I disrobe completely and wear my shorts to the showers. I’m surprised to see the shower attendant set up at a workspace right next to the showers and he professionally (I wasn’t creeped out) monitors each pool goer to make sure each cleans thoroughly with either the soap provided from convenient dispensers or their own soaps and shampoos. Two younger boys are stopped just before running out because they haven’t cleaned their feet.

I wash myself thoroughly, reluctant to drop my shorts at first but braving the watchful eye of the attendant because I know I’d be far more embarrassed if I was called back for not cleaning well enough. Finally, satisfied that I won’t face the imagined wrath of the perfectly pleasant shower attendant, I walk out to the final indoor area before I will have to brave the cold.

I take stock of my situation: snow falls outside and is carried horizontally by the wind. A time and temp display across the length of the lap pool reads -7C (~20F)... I look at the nearest hot pot, about 30m from the door and assess the bare foot prints in the lightly accumulating snow. Half are spread far apart- a sure sign of a sprinter, half are closely spaced as if someone were on a leisurely stroll. Madness!

I take a moment to ponder my own sanity level and determine 30m is too far for me as I am, dripping and slightly chilled already after the shower. Luckily, there is another option! A mere 5 steps from the door is the shallow, kid-friendly and, most importantly, heated rock pool. I gird my loins (which at this point have retreated to just below my lungs in anticipation of the cold) and open the door.
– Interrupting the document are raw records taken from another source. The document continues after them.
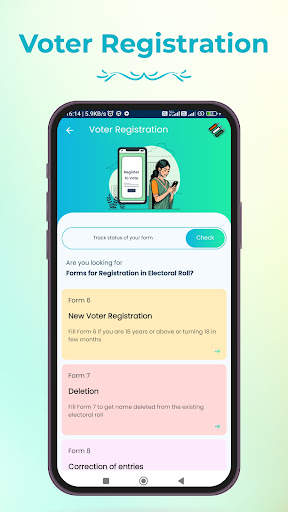 Voter Helpline screenshot 3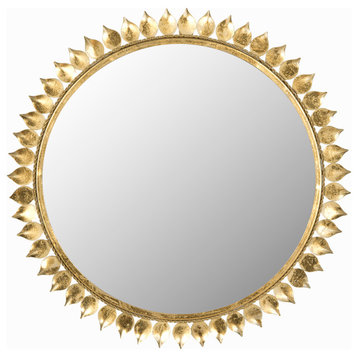 Safavieh Leaf Crown Sunburst Mirror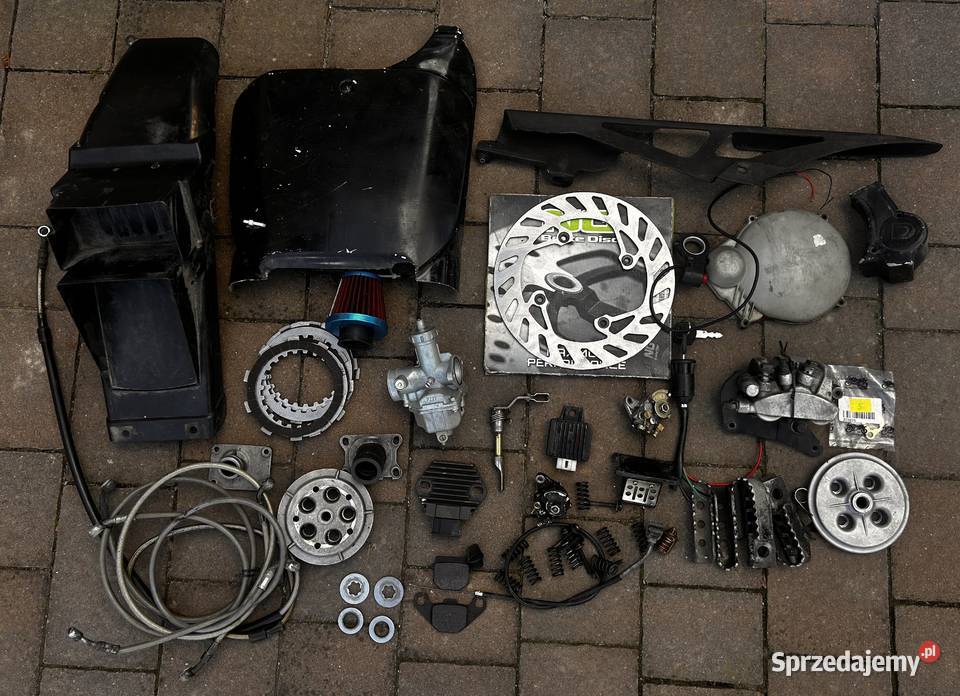 Części Derbi Senda d50b0 am6 Skołyszyn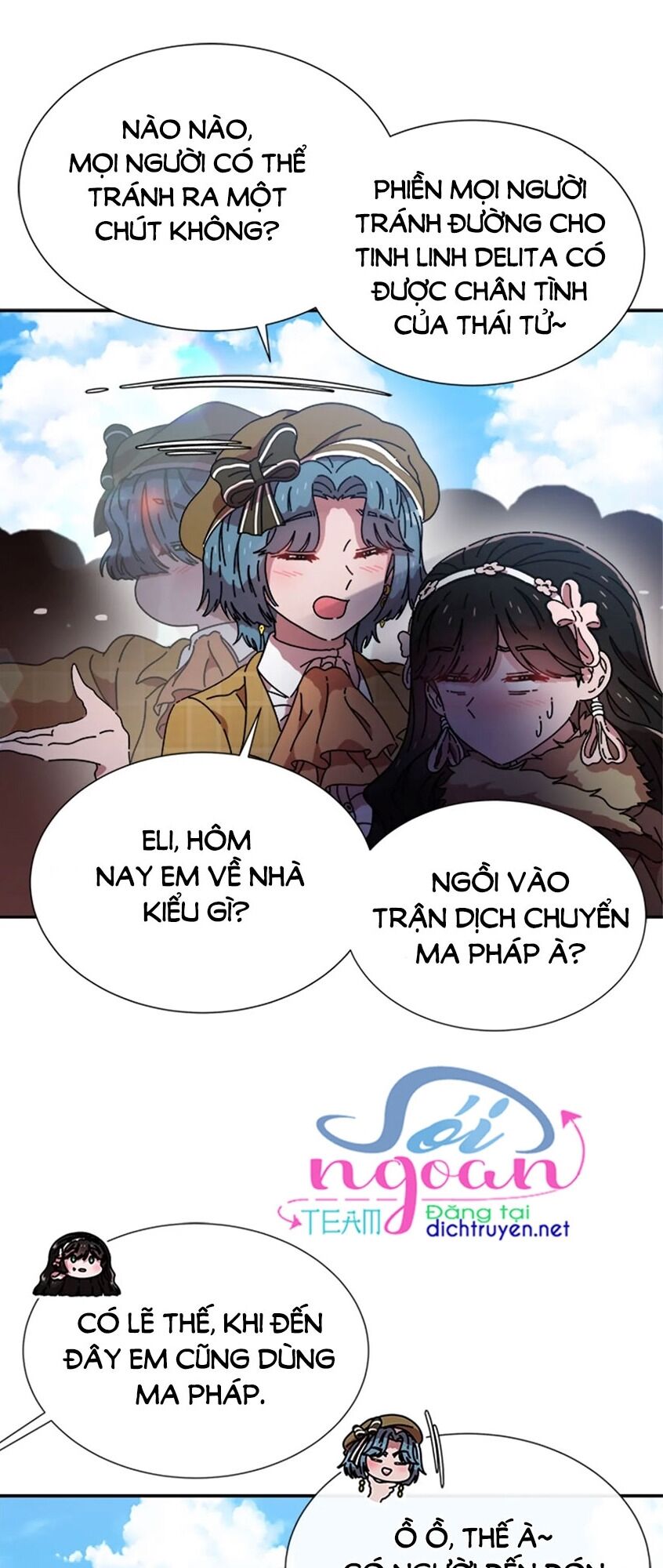 Con Gái Bảo Bối Của Ma Vương Chapter 89 - Trang 2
The snow isn’t falling in flakes, but in crystals, and I am accosted by the cold and the speeding sandblast of ice crystals as I shuffle and scramble the few steps to sanctuary. My system reboots for an instant as I dip one foot into the 100 degree (F, obviously) water and am hit simultaneously with too much heat and too much cold. Thankfully, the inertia pulls me deeper into the pool as my brain shorts out so that by the time I have my wits about me, I am submerged up to my neck in heavenly, all enveloping warmth!

From there, things become easier. Bolstered by the heat of the rock pool, I am eventually ready to brave the 30 meters to the first hot pot. I rise and walk slowly like the terminator, with perfect posture and an air of indifference, both simple mental totems against the cold and fear of being judged weak by the locals. Steam rises off me, a barrier of warmth melting the ice crystals before they can sting my skin. I am like the god of steamed lobster...

Until 5 meters from the hot pot!

My aloofness fades suddenly as the chill suddenly retakes me! In an instant I realize I will die of hypothermia if I don’t start shuffling quickly! With years of fear of running by the pool drilled into me, I call upon my penguin ancestors and speed waddle the final distance before dipping into the sweet salvation of a 39 degree C hot pot.

Over the next hour, I leisurely bask among the locals in the four progressively hotter pools until I feel I’ve finally found some sort of temporary serenity and then I walk back, slowly, to the locker room... I am a grizzled veteran of comfort!

The process of leaving is as simple as can be, I throw my shorts into a dryer while I change and, when fully dressed, I go to reclaim my shoes. I’ve built up quite an appetite and I consider the vending machine fare for a moment before I recall the hot dog stand just outside! My mouth waters at the thought of an Icelandic hot dog with everything on it but I’m stopped abruptly by the turnstile at the exit.

But, lucky me, signage wins again! I learn that I must feed my little bracelet into the machine to be allowed egress. Though I’ve grown quite fond of it over our time of shared adversity, I reluctantly send it away to be with its people. I then push past the green lit turnstile and step out into the night in search of meat, bread, onions cooked two ways and a series of sweet and savory sauces!